- **Work item**
The listing below should be written out word for word, with its pictures removed.

- **Material provided**

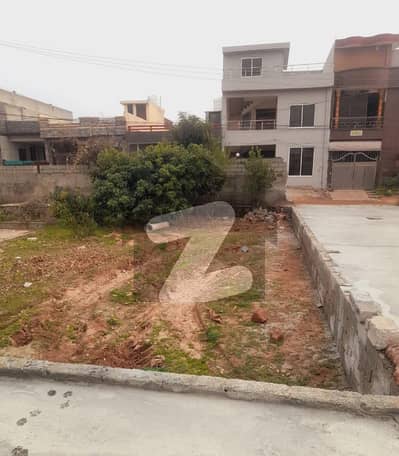 9.3 Three Side Corner Plot For Sale In Bani Gala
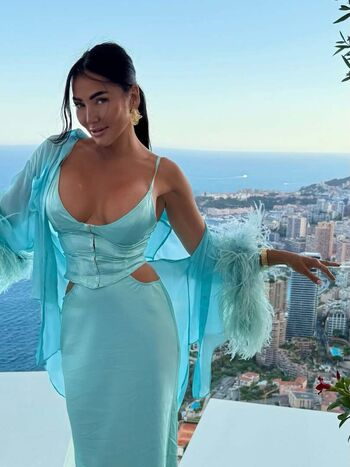 Full leaked Aysina julia private onlyfans photo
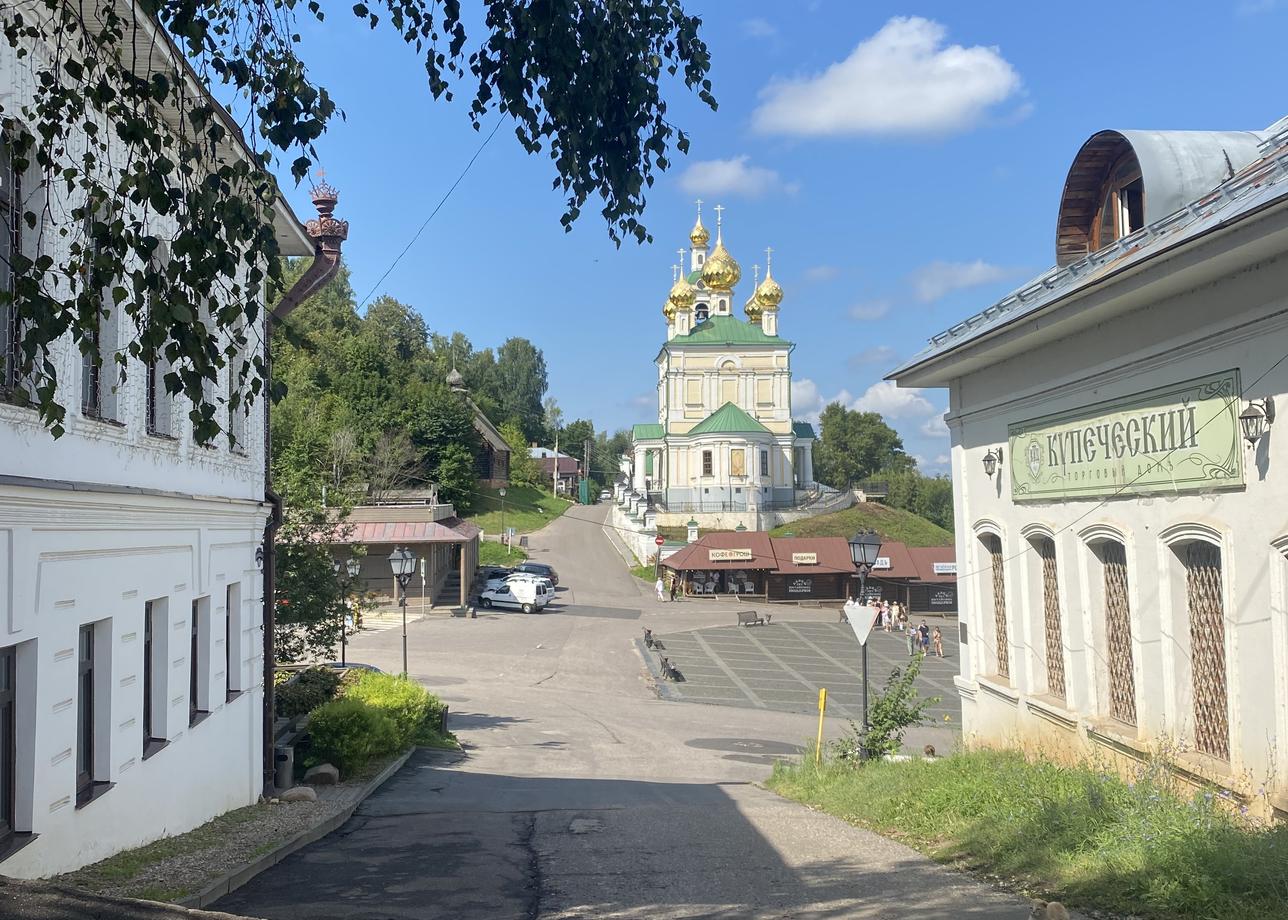 Все очень понравилось, ездили семьей. Программа всех трех дней была очень насыщенная. Хотя второй день оказался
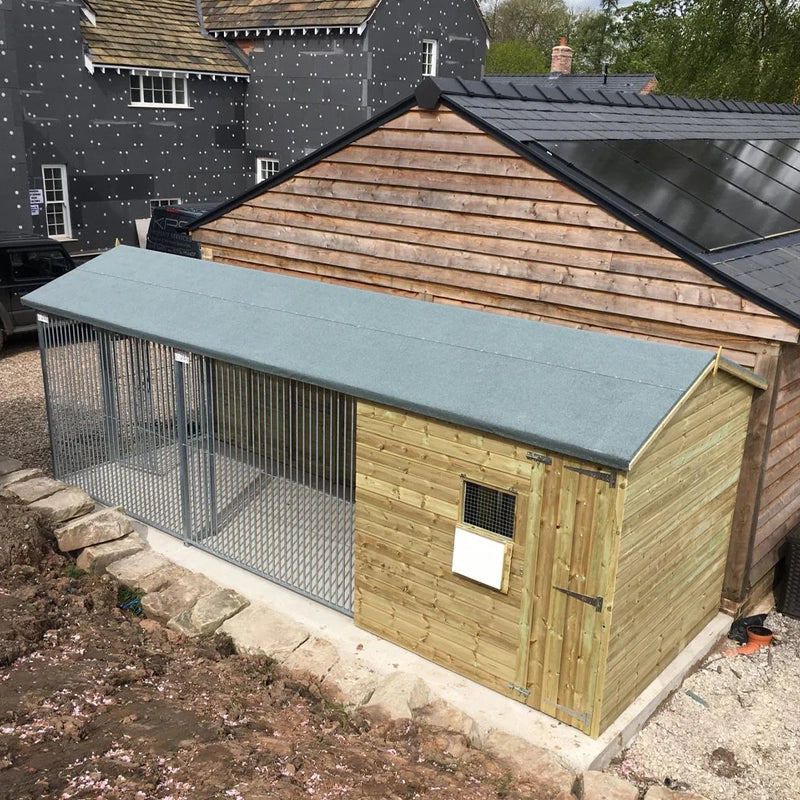 Faddiley apex wooden dog kennel and run with secure fencing, weatherproof outdoor shelter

- **Your solution**
 9.3 Three Side Corner Plot For Sale In Bani Gala
 Full leaked Aysina julia private onlyfans photo
 Все очень понравилось, ездили семьей. Программа всех трех дней была очень насыщенная. Хотя второй день оказался
 Faddiley apex wooden dog kennel and run with secure fencing, weatherproof outdoor shelter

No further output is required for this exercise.